Fixing Child Agent Roles

If you want repeatable behavior, define custom agents under .codex/agents/.

Each TOML file defines one agent. The official docs say name, description, and developer_instructions are required. Optional fields such as model, model_reasoning_effort, and sandbox_mode inherit from the parent session when omitted.1

name = "code_mapper"
description = "Read-only explorer that maps relevant files and execution paths before implementation."
model = "gpt-5.4-mini"
model_reasoning_effort = "medium"
sandbox_mode = "read-only"
developer_instructions = """
Stay read-only.
Identify relevant files, entry points, execution paths, and risk areas.
Return concise findings with file references. Do not edit files.
"""

After defining it, tell the parent to use a read-only subagent for mapping and final review, and to reserve background worktree threads for independent implementation. In practice, a stable setup often needs only three roles: explorer, worker, and reviewer.

Do not over-split roles. Too many roles increase the parent's consolidation burden and raise the human review cost.

Limits and Safety Conditions

For team use, pin independence, approvals, and merge order in the initial instruction.

Codex does not silently create child sessions without being asked. Spawning requires explicit instruction.1 At the same time, the App can manage local project and worktree threads, and it supports explicit requests for separate background threads.2

Parallel execution assumes independent work.

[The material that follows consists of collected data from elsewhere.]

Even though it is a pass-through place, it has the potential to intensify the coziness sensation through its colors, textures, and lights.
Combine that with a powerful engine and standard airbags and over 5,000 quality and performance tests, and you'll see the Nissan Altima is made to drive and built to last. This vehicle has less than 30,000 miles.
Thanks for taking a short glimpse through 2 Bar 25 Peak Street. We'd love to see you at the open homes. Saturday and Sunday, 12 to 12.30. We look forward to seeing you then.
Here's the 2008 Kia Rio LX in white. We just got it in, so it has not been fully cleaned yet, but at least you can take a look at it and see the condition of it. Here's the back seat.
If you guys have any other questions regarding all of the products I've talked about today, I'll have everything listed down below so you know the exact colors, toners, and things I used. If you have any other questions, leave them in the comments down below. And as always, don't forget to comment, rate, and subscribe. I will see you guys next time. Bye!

Do not let multiple child threads edit the same files. Keep push, PR creation, dependency installation, network access, and out-of-repository access behind approval. Put those boundaries in the first instruction.

Do not treat consolidation as an afterthought. Creating worktrees is the easy part. The outputs still need to return to one coherent diff. Require the parent thread to report changed files, commands run, test results, remaining risks, and recommended merge order.

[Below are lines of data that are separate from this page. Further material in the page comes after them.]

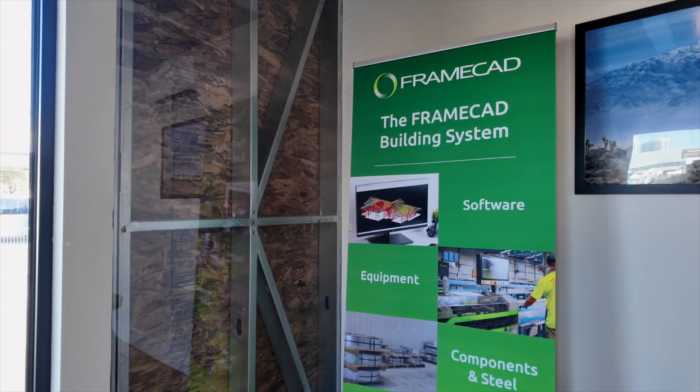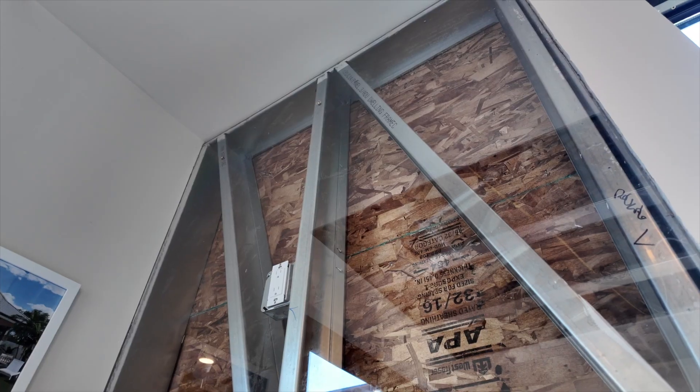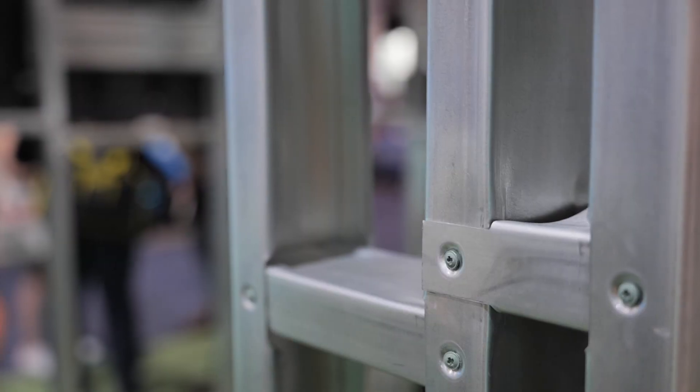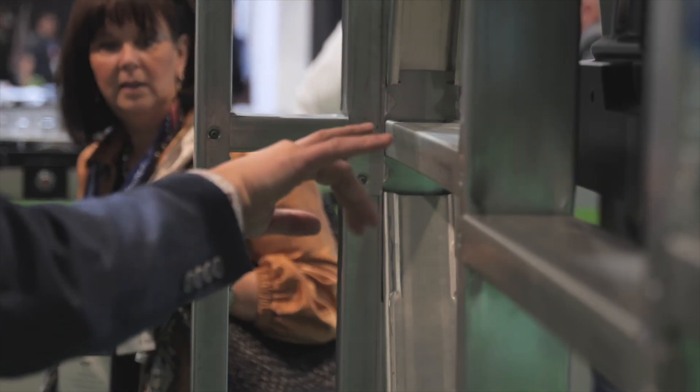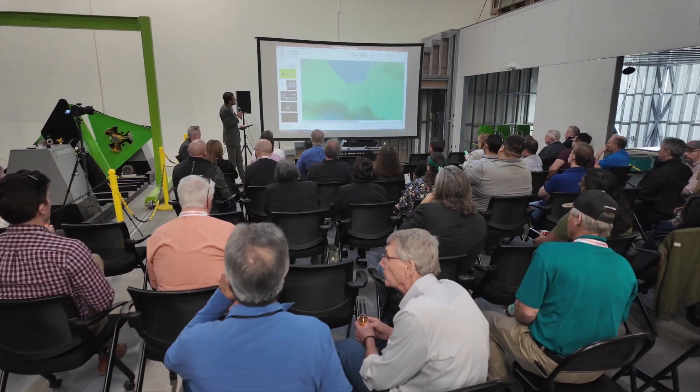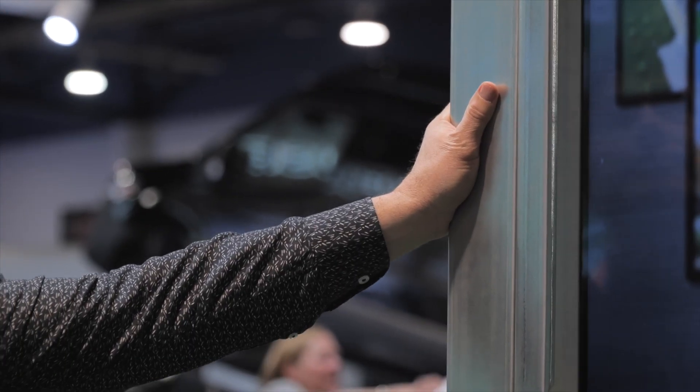I'm really enjoying FrameCAD's area inside. We have the exposed walls and exposed ceilings to show how we build, which is panelized. On our website we have renders, but I want people to make sure that we're real — and this is us being real here. Seeing the home, touching it, feeling it.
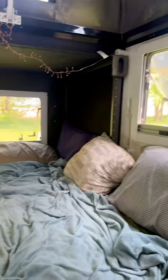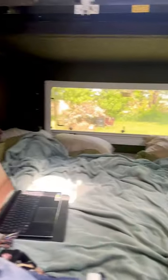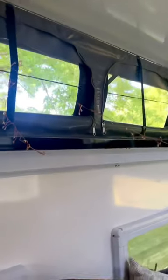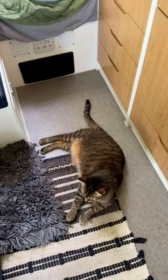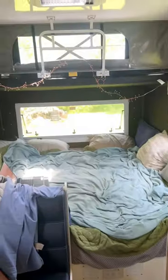The camper has the main windows which have screens that can open. But above there are these zippered windows that also have screens, so we're able to get airflow from all sides, which is making this space honestly pretty comfortable for it being supposed to be 90 degrees today, which is great.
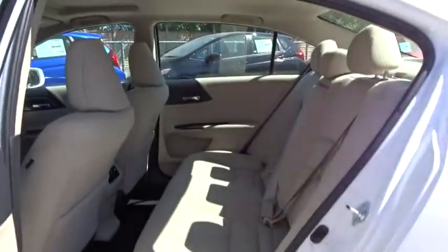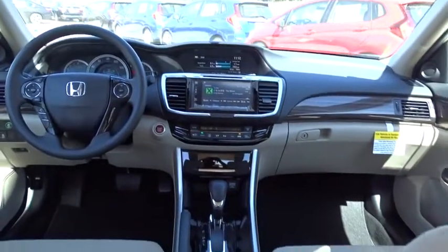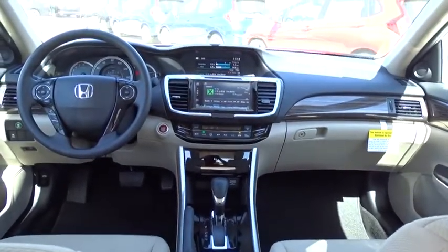Backup camera. Keyless entry. Bluetooth. Adjustable steering wheel. Power steering. Four-wheel disc brakes. Keyless start. Cruise control. Aluminum wheels.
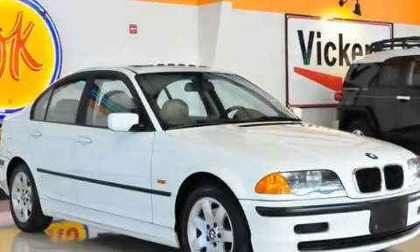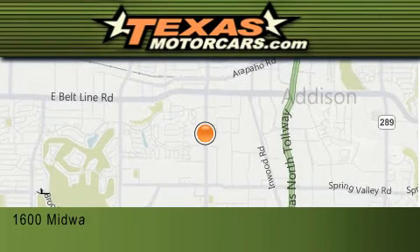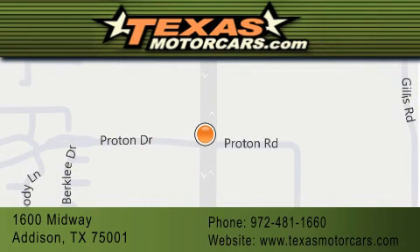Contact us today to arrange your test drive. Texas Motor Cars is located at 1600 Midway in Addison. Our goal is to exceed all of your expectations to ensure that you'll return for future visits.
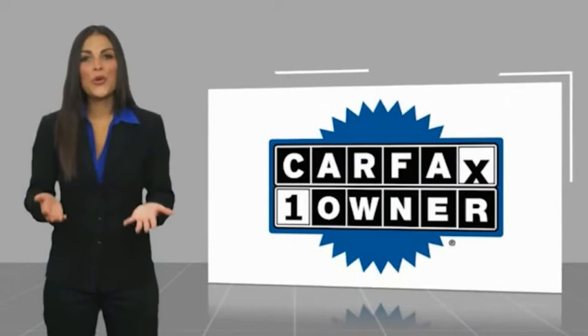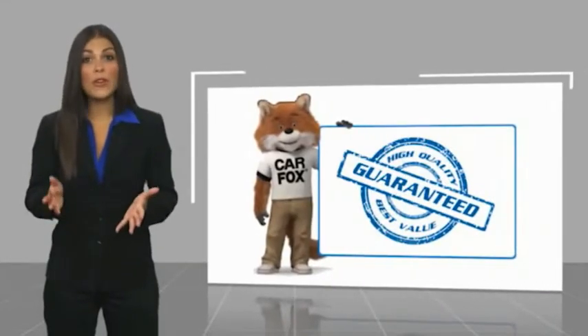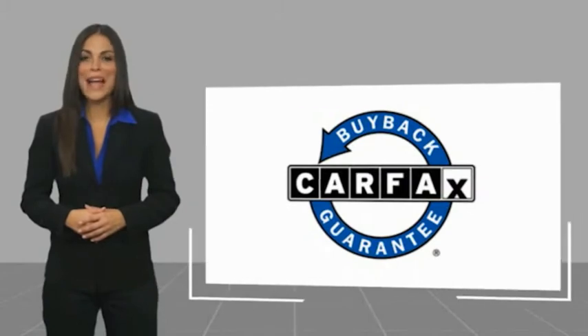This is a one-owner vehicle with a Carfax Vehicle History Report. Be sure to find a complimentary copy of this report online or contact the dealership. This vehicle qualifies for the Carfax Buy Back Guarantee.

Codex orchestration is not magic that happens in the background. It works when the parent thread is explicitly assigned responsibility for decomposition, delegation, and consolidation. Configuration narrows that behavior into a safer operating envelope.

Summary

The main rule is to define the parent thread's responsibility before tuning configuration. The parent owns decomposition, delegation, waiting, consolidation, and reporting. Child threads should receive bounded tasks such as exploration, implementation, tests, or review.

For team use, treat the startup prompt as a short operating contract. Define when delegation is allowed, which files must not overlap, which actions require approval, and what the parent must report at the end. With those boundaries in place, Codex parallelization protects context as much as it accelerates work.